● **WORK INSTRUCTIONS**: Pictures stay out of the copy. Transcribe exactly the lines from the line with "RegimentMedical's tweet image." through the final line of the records.

Scraped caption text data:
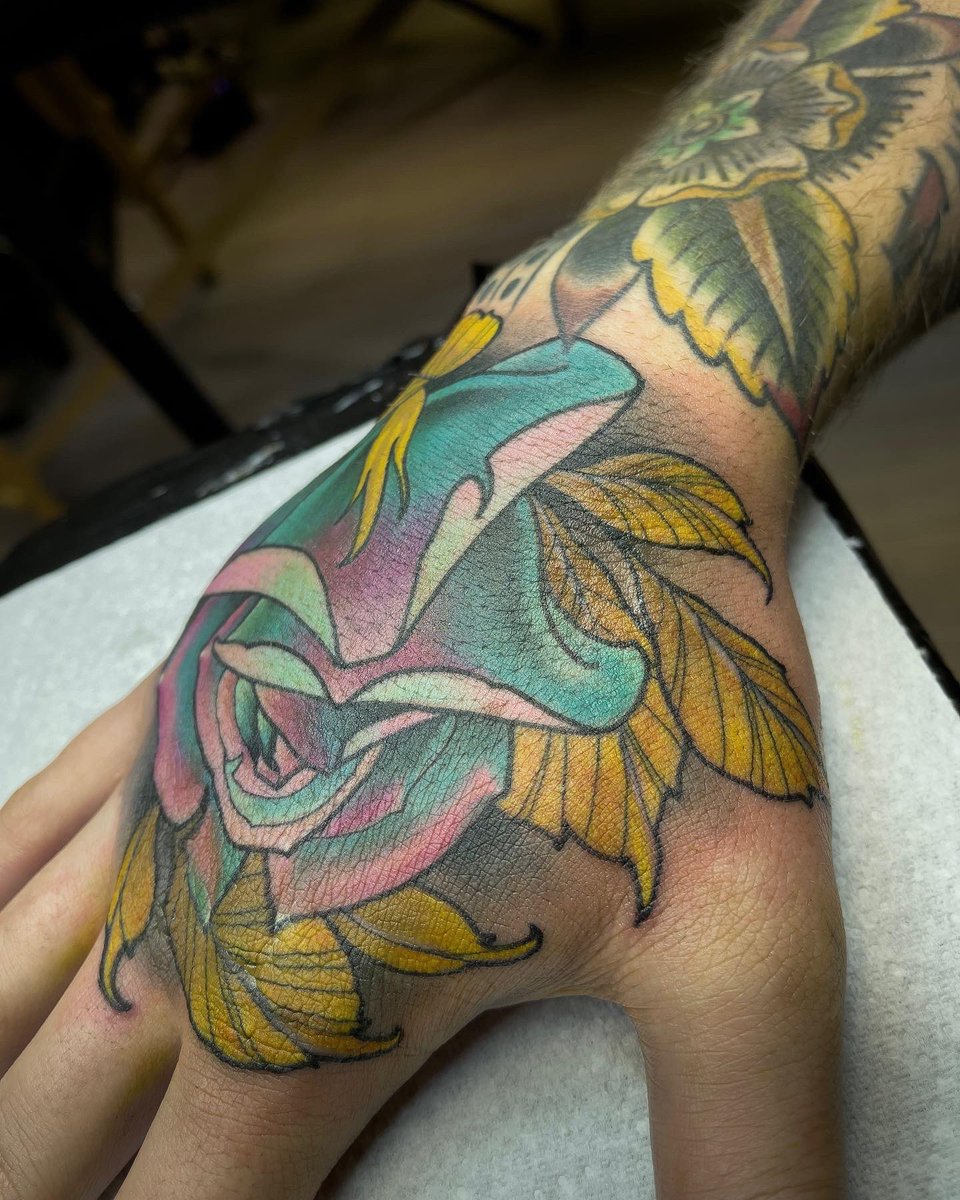 Yeah i like yellow a-lot at the moment🌞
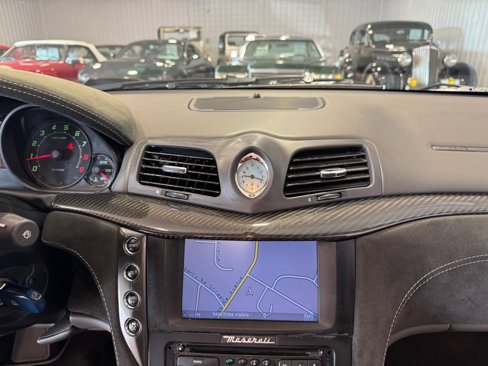 Used 2016 Maserati GranTurismo MC image 33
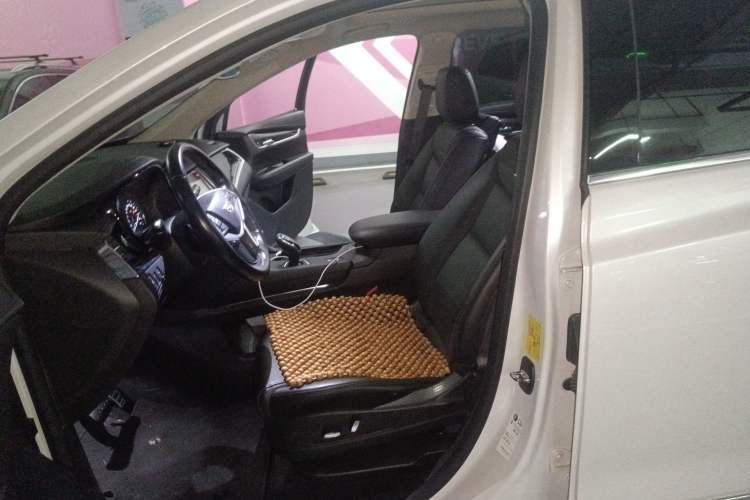 Used Cadillac XT5 2018 25T Luxury Model Left Front Seat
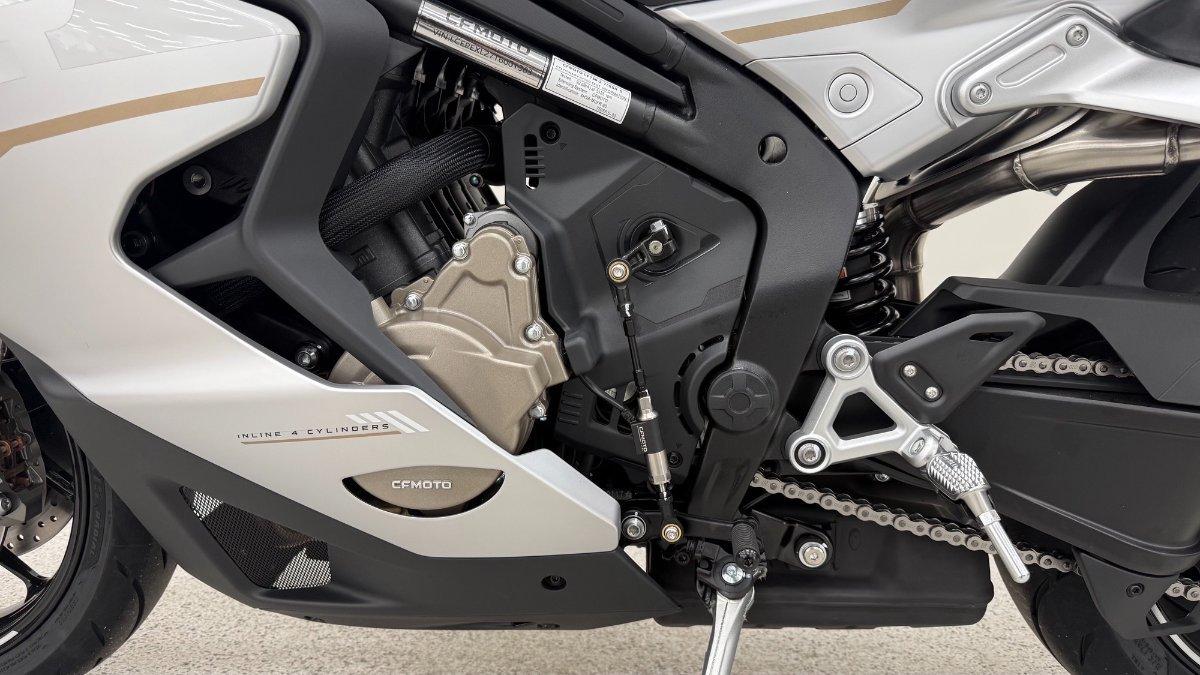 2026 CFMOTO 750 SR-S SPORTS
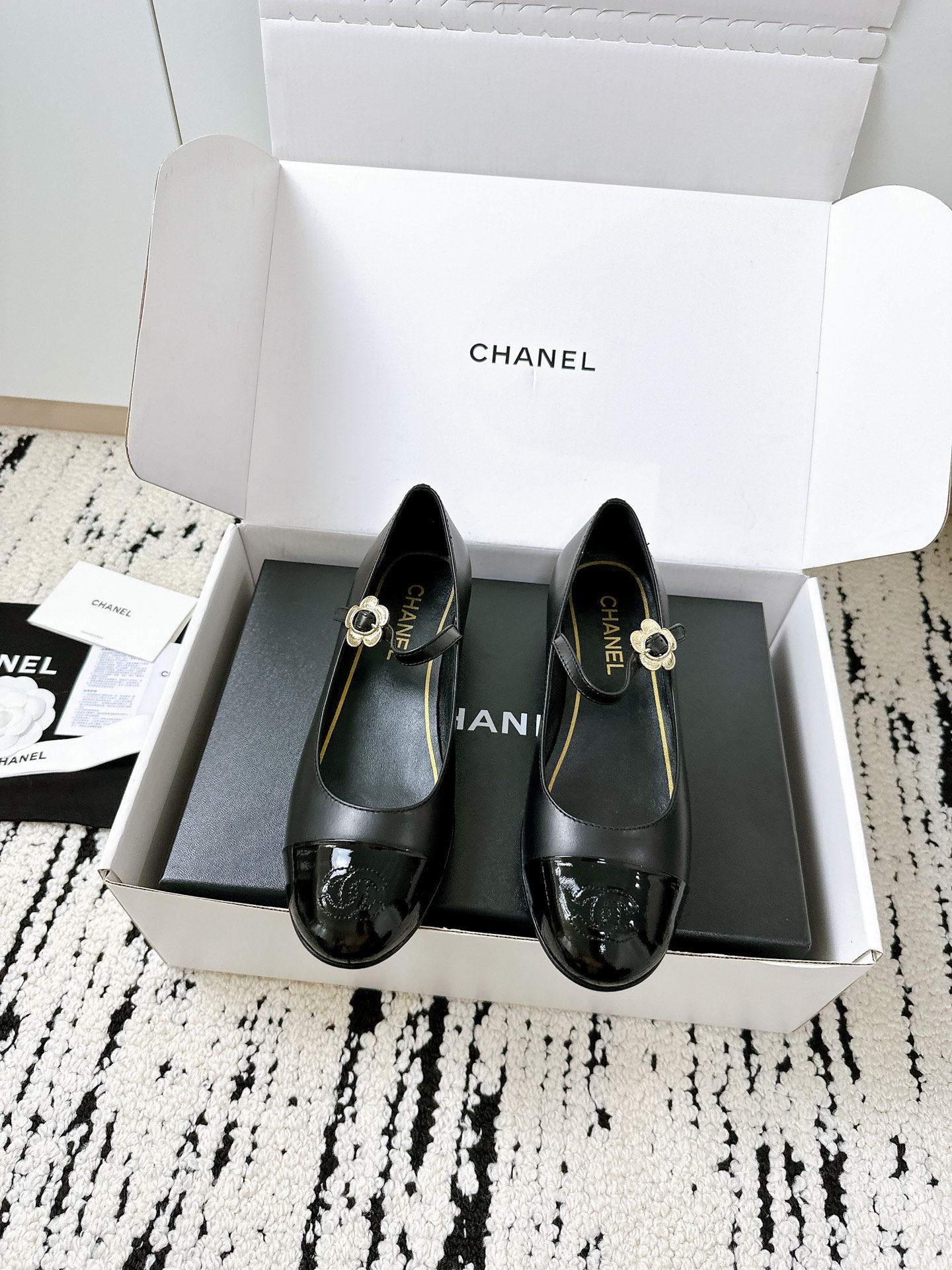 NO:246219,Top purchasing agent Mary Zhen shoes, flat single shoes, counter catwalk style is absolutely handsome. The most popular style of this season, the texture is very soft and comfortable without stuttering. Classic logo double C diamond buckle combination, super fashionable Fabric: imported cowhide material Inner: environmentally friendly imported sheepskin inner sole Outsole: original private film genuine leather outsole Size: 35-41 [40.41 Customized] Requires aircraft box for another yuan, Mary Zhen, mary jane, cowhide, sheepskin, Leather soles19860909顶级代购玛丽珍鞋 平底单鞋 专柜走秀款绝对太帅了 这一季最热门的款式,质感非常柔软舒适不卡脚. 经典的logo双C钻扣搭配,超级时尚 面料:进口牛皮材料 内里:环保进口羊皮内里 大底:原版私膜真皮大底 码数:35-41 [40.41定做] 需要飞机盒另元,玛丽珍,mary jane,cowhide,sheepskin,Leather soles,Women's Shoes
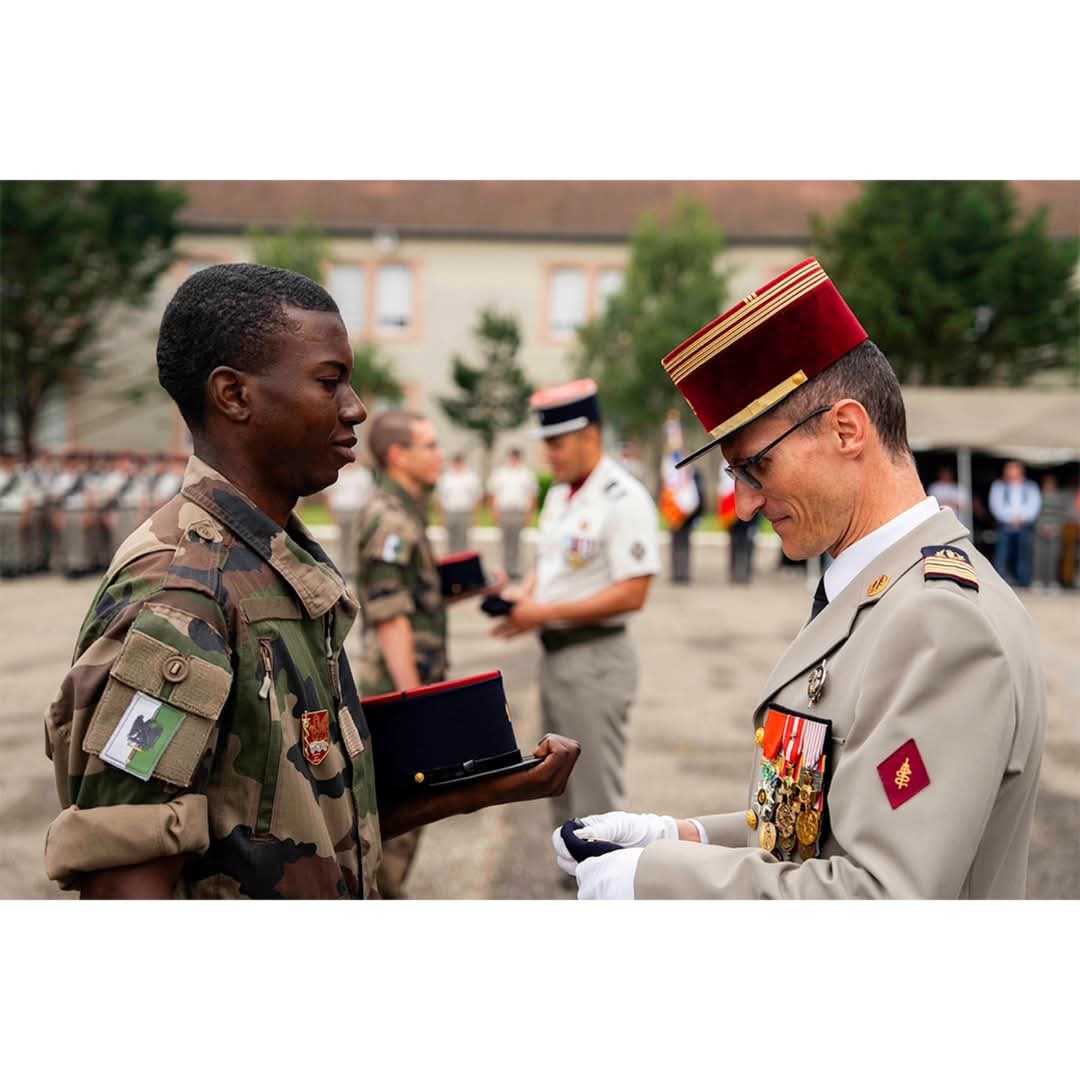 RegimentMedical's tweet image. Remise de képi – Une étape gravée à jamais.
Doutes, sueur, efforts.
Aujourd’hui, ils ont franchi le cap.
Ce képi n’est pas qu’un symbole : c’est l’engagement, la fraternité, l’honneur.
La FGI s’achève. Leur parcours commence.
Bienvenue dans la famille. 🔵⚪🔴
@CommandementFOT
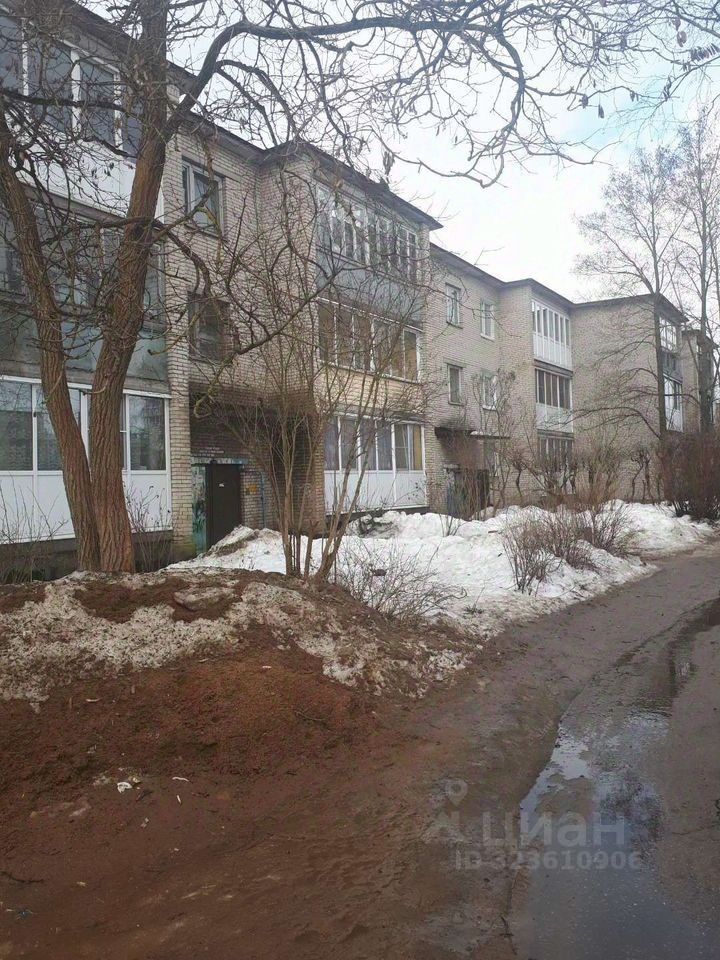 Продажа 1-комн квартиры на вторичном рынке д. Лесколово, улица Красноборская, 1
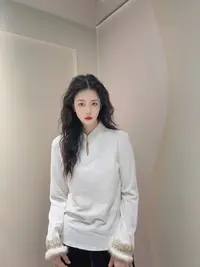 九月    蓝桉   新款秋季显瘦气质新中式加绒带毛毛带上衣
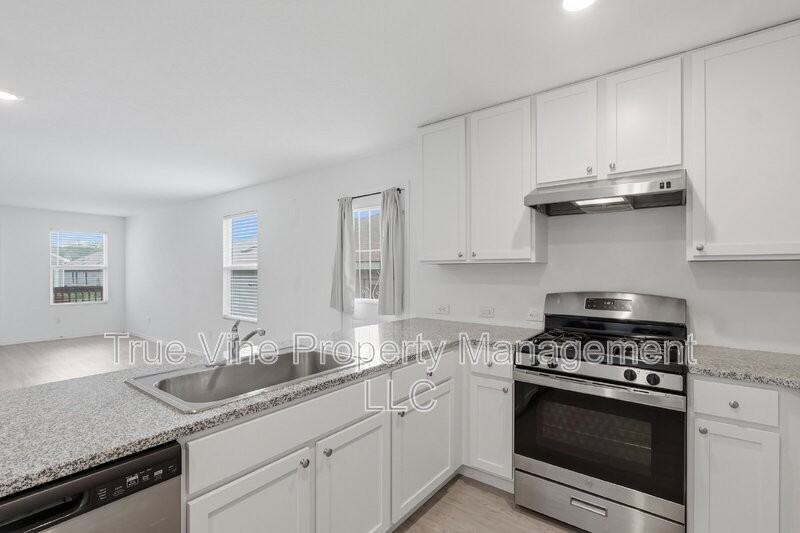 7119 Satellite Way - Photo 6 of 28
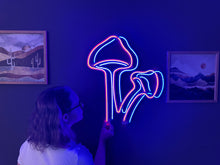Görseli Galeri görüntüleyiciye yükleyin, Mushrooms Neon Metal Tabela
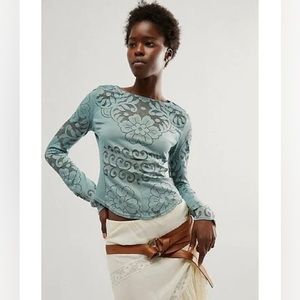NWT Free People wild roses top long sleeve size XS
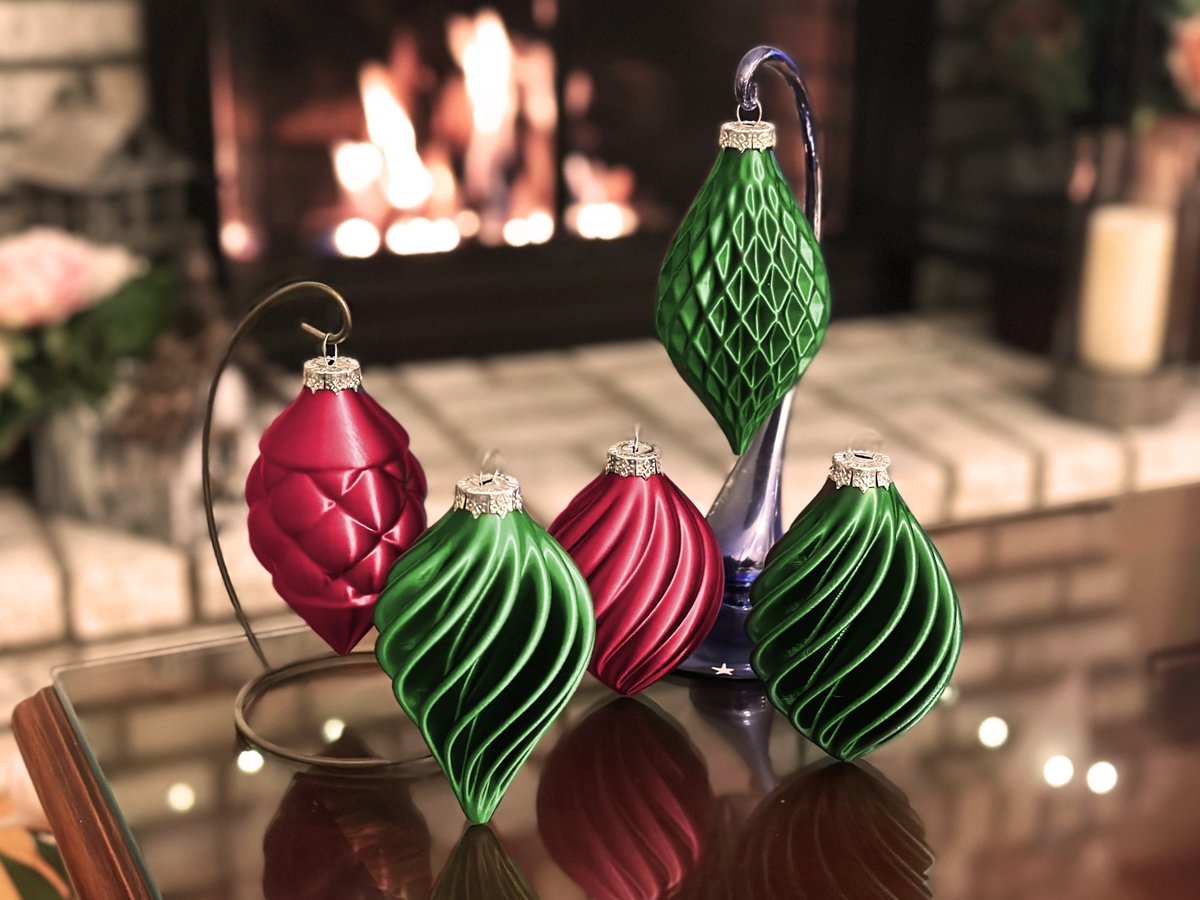 I designed 6 new 3D printable Christmas Tree Ornaments for 2023! They're available for free download on <a href="/printablescom/">Printables.com</a> along with my 6 Ornaments from last year! If you print any, feel free to tag me!

printables.com/model/669876-c…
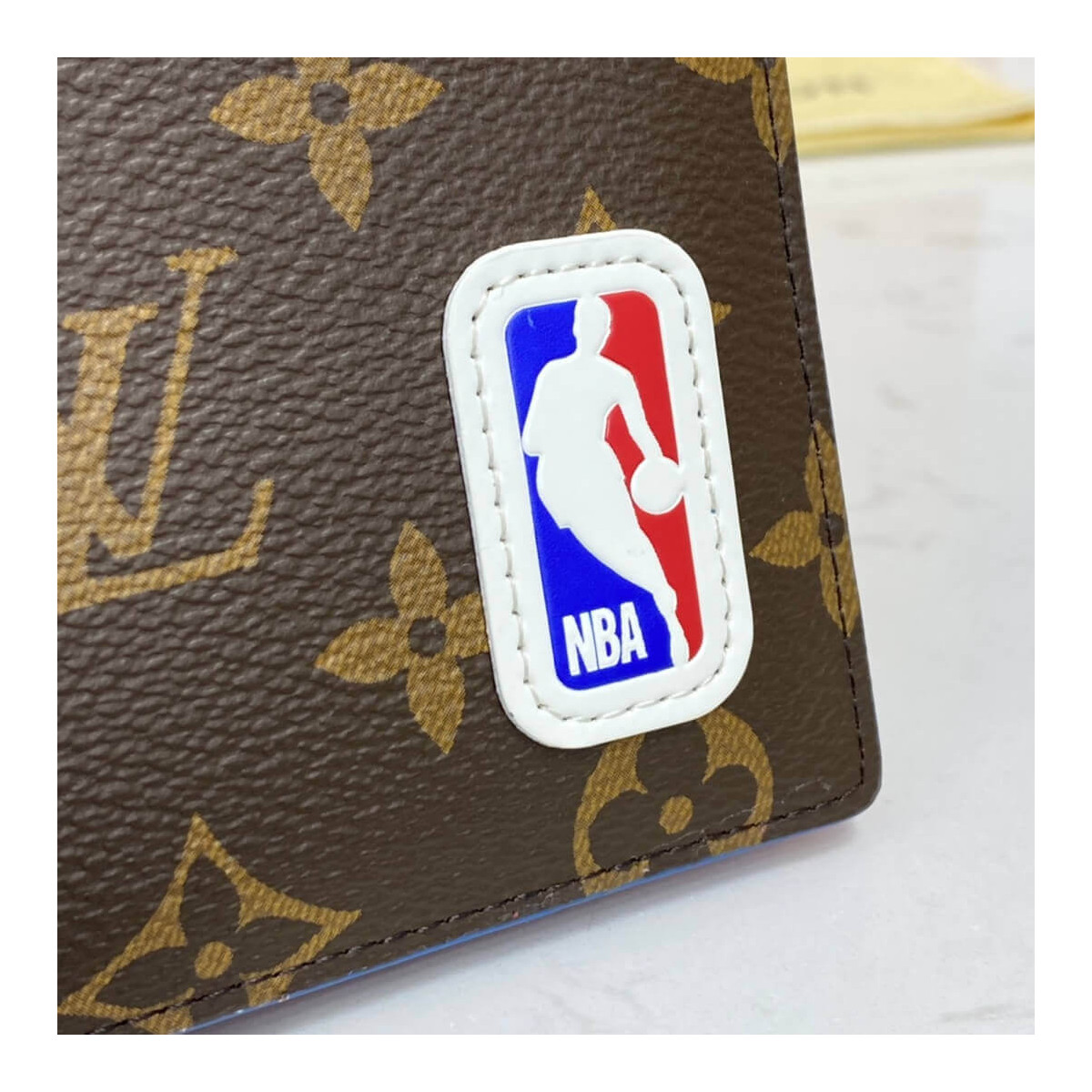 Louis Vuitton LV x NBA Multiple Wallet M80105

● **RESPONSE**:
 RegimentMedical's tweet image. Remise de képi – Une étape gravée à jamais.
Doutes, sueur, efforts.
Aujourd’hui, ils ont franchi le cap.
Ce képi n’est pas qu’un symbole : c’est l’engagement, la fraternité, l’honneur.
La FGI s’achève. Leur parcours commence.
Bienvenue dans la famille. 🔵⚪🔴
@CommandementFOT
 Продажа 1-комн квартиры на вторичном рынке д. Лесколово, улица Красноборская, 1
 九月    蓝桉   新款秋季显瘦气质新中式加绒带毛毛带上衣
 7119 Satellite Way - Photo 6 of 28
Görseli Galeri görüntüleyiciye yükleyin, Mushrooms Neon Metal Tabela
NWT Free People wild roses top long sleeve size XS
 I designed 6 new 3D printable Christmas Tree Ornaments for 2023! They're available for free download on <a href="/printablescom/">Printables.com</a> along with my 6 Ornaments from last year! If you print any, feel free to tag me!

printables.com/model/669876-c…
 Louis Vuitton LV x NBA Multiple Wallet M80105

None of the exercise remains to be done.